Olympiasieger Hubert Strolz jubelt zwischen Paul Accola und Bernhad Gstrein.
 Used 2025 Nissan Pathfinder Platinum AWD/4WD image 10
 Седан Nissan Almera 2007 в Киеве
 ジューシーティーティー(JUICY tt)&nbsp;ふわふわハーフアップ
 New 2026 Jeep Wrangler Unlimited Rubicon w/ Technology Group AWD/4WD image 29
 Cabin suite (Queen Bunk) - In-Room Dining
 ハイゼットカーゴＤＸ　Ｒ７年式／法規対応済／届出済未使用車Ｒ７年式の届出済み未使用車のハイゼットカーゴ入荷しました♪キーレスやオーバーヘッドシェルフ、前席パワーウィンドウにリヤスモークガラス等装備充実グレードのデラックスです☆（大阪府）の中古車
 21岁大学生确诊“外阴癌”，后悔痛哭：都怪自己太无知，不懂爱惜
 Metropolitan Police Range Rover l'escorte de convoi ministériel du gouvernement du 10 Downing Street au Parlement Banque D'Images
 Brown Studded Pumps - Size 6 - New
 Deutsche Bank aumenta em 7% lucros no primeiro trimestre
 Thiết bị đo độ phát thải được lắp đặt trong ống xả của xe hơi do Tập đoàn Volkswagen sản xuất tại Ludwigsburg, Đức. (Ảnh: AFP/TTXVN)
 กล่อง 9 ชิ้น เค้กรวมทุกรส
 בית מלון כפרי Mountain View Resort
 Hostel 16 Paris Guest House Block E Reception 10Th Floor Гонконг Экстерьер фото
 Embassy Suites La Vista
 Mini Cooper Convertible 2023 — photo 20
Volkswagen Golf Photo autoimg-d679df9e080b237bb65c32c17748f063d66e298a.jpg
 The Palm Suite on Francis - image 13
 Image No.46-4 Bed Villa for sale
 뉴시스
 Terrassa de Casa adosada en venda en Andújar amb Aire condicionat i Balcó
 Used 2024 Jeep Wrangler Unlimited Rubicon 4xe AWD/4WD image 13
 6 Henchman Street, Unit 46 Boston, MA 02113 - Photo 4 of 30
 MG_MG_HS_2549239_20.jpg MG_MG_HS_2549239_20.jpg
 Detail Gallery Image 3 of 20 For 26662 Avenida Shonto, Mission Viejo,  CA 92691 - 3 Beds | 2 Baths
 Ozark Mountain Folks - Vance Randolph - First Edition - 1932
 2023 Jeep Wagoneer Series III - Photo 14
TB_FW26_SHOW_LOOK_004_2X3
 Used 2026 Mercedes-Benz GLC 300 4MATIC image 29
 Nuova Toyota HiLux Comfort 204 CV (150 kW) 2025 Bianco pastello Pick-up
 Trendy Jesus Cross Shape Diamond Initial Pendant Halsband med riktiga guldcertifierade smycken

▸ Exercise description:
The answer must consist of every line above that holds the string "Used", copied exactly.

▸ Response area:
 Used 2025 Nissan Pathfinder Platinum AWD/4WD image 10
 Used 2024 Jeep Wrangler Unlimited Rubicon 4xe AWD/4WD image 13
 Used 2026 Mercedes-Benz GLC 300 4MATIC image 29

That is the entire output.